BIOLLANTE est un projet mutant né d'un autre monstre polymorphe : NON SERVIAM, groupe anonyme de black metal baroque, pas réticent quand il s'agit de bousculer nos tympans avec des expériences noise et industrielles, s'est associé aux rappeurs du collectif GOBSCREW pour accoucher d'un premier titre dédié à un ami incarcéré, Le Monde Me Revient Crié. Une douzaine d'esprits associés avec la volonté d'offrir un hip-hop sombre, industrielle, bruitiste.
Les artistes impliqués décrivent eux-mêmes BIOLLANTE comme un Kaiju, créature monstrueuse et géante venue rappeler aux hommes la puissance de la nature. À choisir, plus qu'à Godzilla, c'est au très gothique monstre de Frankenstein que nous fait penser le projet, cet assemblage de tissus morts divers et d'inspirations variées, ce corps-patchwork recouvert de cicatrices, manifestation lui aussi d'expériences "contre-nature". En cela, BIOLLANTE est à la fois créature et créateur et cite les SWANS, IC3PEAK, DEATH GRIPS et ATARI TEENAGE RIOT : de l'éclectisme et une volonté de s'affranchir des règles, des dogmes, des frontières.
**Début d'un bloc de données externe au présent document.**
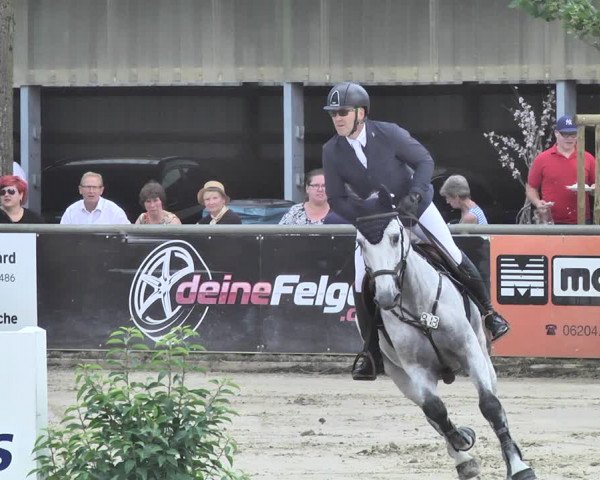 Reitturnier Viernheim 2019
Samples angoissés, basses menaçantes et déjà hypnotiques, mélodie sinistre : Trigger Warning sert d'introduction à un univers étouffant, claustrophobe et rageur où le réel et l'halluciné se confondent. Quand arrive Biollante, le flow nous prend à la gorge : paniqué, fou furieux, haché par un morceau dont la structure évoque une noyade ou un cauchemar avec ses explosions, ses soubresauts et son sentiment progressif d'enlisement dans les ténèbres. BIOLLANTE maîtrise son dosage, alourdit l'atmosphère d'une guitare et de quelques hurlements hérités du black metal sur Le Monde me Revient Crié tout en ajoutant une dose de mélancolie et de poésie aux mots qui nous tombent dessus comme une pluie de poignards. Distorsions, réverbérations, larsens : la musique n'est pas là pour apaiser l'auditeur. BIOLLANTE "pense" les plaies plus qu'il ne les panse sur le titre le plus intense de l'album, monolithe opaque, cradingue et malsain : la douleur jaillit de vociférations qui s'extirpent de guitares poids lourds et d'une mélodie hantée. Les tripes des musiciens jaillissent en musique, nous prennent à la gorge, le résultat est puissant et viscéral et impose un climat de malaise impitoyable. Maladie mentale, suicide, prison : la lumière a du mal à traverser les murs de béton et les couvercles de cercueil. C'est dans son dernier titre, Pourquoi Pas, que J'espère que tu Danseras Quelque Part s'affranchit définitivement de tout repère et atteint une forme de grâce dans le désespoir, apogée d'une démarche libre et habitée. La tête sous l'eau, on est emporté par des dialogues sans horizon, un flow tranchant, des nuisances électroniques psychédéliques, un hurlement glacial et toujours ce sens de la mélodie qui petit à petit renforce la force dramatique du morceau jusqu'à un final où les basses épaisses, les boucles créées par les guitares et quelques chœurs lointain nous trainent en plein rituel mystique et obscur. Sur cet impressionnant final, BIOLLANTE réunit toutes ses influences, ses intentions et impressionne par sa capacité à nous perdre dans ce brouillard anxiogène, sans carte ni boussole, mais sans perdre notre attention.
Comme la créature de Frankenstein, BIOLLANTE est bien plus que la somme de ses parties. Malgré son titre et ses grosses basses, J'espère Que Tu Danseras Quelque Part n'est pas un album pour se trémousser. C'est un monstre insaisissable, affranchi des étiquettes, des codes, des conventions. On y trouve des mots chantés, hurlés, rappés. De la guitare, du synthé, des clavecins, de la harpe. Du sang, des larmes, une poésie aérienne et l'amertume irrespirable d'un parpaing qui nous tombe dans la gorge. Surtout, on y sent une sincérité absolue dans la démarche et les mots, une envie de jouer à la fois au monstre et au savant fou sans perdre de vue la cohérence et l'impact du morceau, sans complaisance, sans paresse. En voilà un album impressionnant.